Staatsgegner in Uniform

Rechtsextremismus Nach dem Auffliegen eines rechtsradikalen Offiziers hat Ursula von der Leyen dem Korpsgeist in der Bundeswehr den Kampf angesagt und kassiert dafür Kritik
Ausgabe 18/2017
Möchte nichts im Dunkeln lassen: Ursula von der Leyen
Möchte nichts im Dunkeln lassen: Ursula von der Leyen

Foto: Odd Andersen/AFP/Getty Images

Ursula von der Leyen hat mit ihrer Bemerkung zum jüngsten Bundeswehrskandal exakt die Reaktion ausgelöst, die ihre Wahrnehmung bestätigt. Der Bundeswehrverband kritisierte die Ministerin wegen mangelnder Verharmlosungsbereitschaft: Sie hätte sich vor die Truppe stellen müssen, sagen Funktionäre in Uniform. Eben das, den Korpsgeist, der Aufklärung und Beseitigung von Missständen erschwert, hatte von der Leyen mißbilligt. Sie hat Recht daran getan.
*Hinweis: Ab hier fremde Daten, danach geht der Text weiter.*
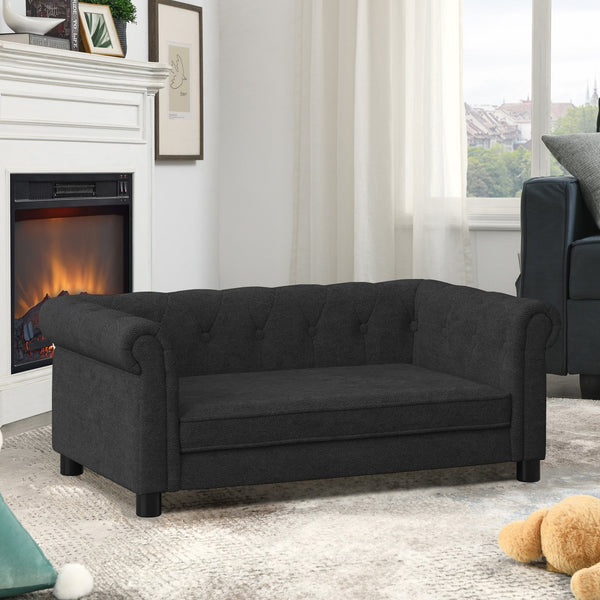 English Elm Elegant Elevated Rectangular Pet Bed for Medium to Large Dogs, Durable Linen Sofa, Modern Comfort 39x22.75x13.25 Black W487P272441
Korpsgeist ist eine feine Sache – wenn denn der richtige Geist in einer Armee lebendig ist. Wenn bei unakzeptablen Vorfällen oder gar rechtsextremen Unterwanderungen die verantwortlichen Offiziere sofort eingreifen, um Übeltäter oder auch nur Übereifrige in der Ausbildung oder in der Aufrechterhaltung der Disziplin zur Ordnung rufen. Das Ordnungsgefüge in der Bundeswehr ist nicht falsch. Aber es muss beachtet werden. Wichtig ist freilich auch, dass die Dinge korrekt beim Namen genannt werden. Und zwar von allen. Was da jetzt als „Missbrauchsfälle“ bekannt wurde – verletzende Anrede, überlange Dauerläufe als Bestrafung –, muss schon auf Kompanie-Ebene, spätestens aber vom Bataillonskommandeur abgestellt werden. Er muss Sorge tragen, dass ihm dergleichen rasch bekannt wird.

Aber Missbrauch ist das nicht. Das Wort wird gern benutzt, weil es wegen der Missbrauchsfälle in Kirche, Reforminternaten und Sport zuverlässig für Empörung sorgt. Empörung ist auch jetzt angezeigt. Sie muss dem langen Weg gelten, den es offenbar braucht, ehe die unhaltbaren Zustände bekannt werden und zu Reaktionen führen. Das jedoch, so müsste Verteidigungsministerin von der Leyen ihre Analyse fortführen, hat mit der immer beschränkter werdenden Zusammensetzung der Truppe zu tun. Hier nimmt die Zahl derer zu, die eine unter heutigen Bedingungen verschrobene Landsknechtsmentalität ausleben wollen. Und derer, die einen Kampfanzug dem Arbeitskittel – sei er nun weiß, blau oder grau – vorziehen. Seit der Aussetzung der Wehrpflicht – abgeschafft ist sie ja nicht – gehen der Bundeswehr junge Leute verloren, die schon als Wehrpflichtige für eine gewisse Transparenz in den Einheiten sorgen konnten – und von denen sich auch mancher zum Verbleib in der Truppe entschloss. Die Wehrpflicht, hieß es einst, ist das legitime Kind der Demokratie. Was bedeutet: Die Demokraten schaffen sich ihr Militär durch Heranziehung aller zum Dienst an den Waffen. Verweigern dürfen Einzelne. Die Demokratie braucht viele, und deswegen wäre es gut, wenn gerade Linke und Demokraten nun massenhaft in die Armee einträten – um den demokratischen Korpsgeist zu stärken.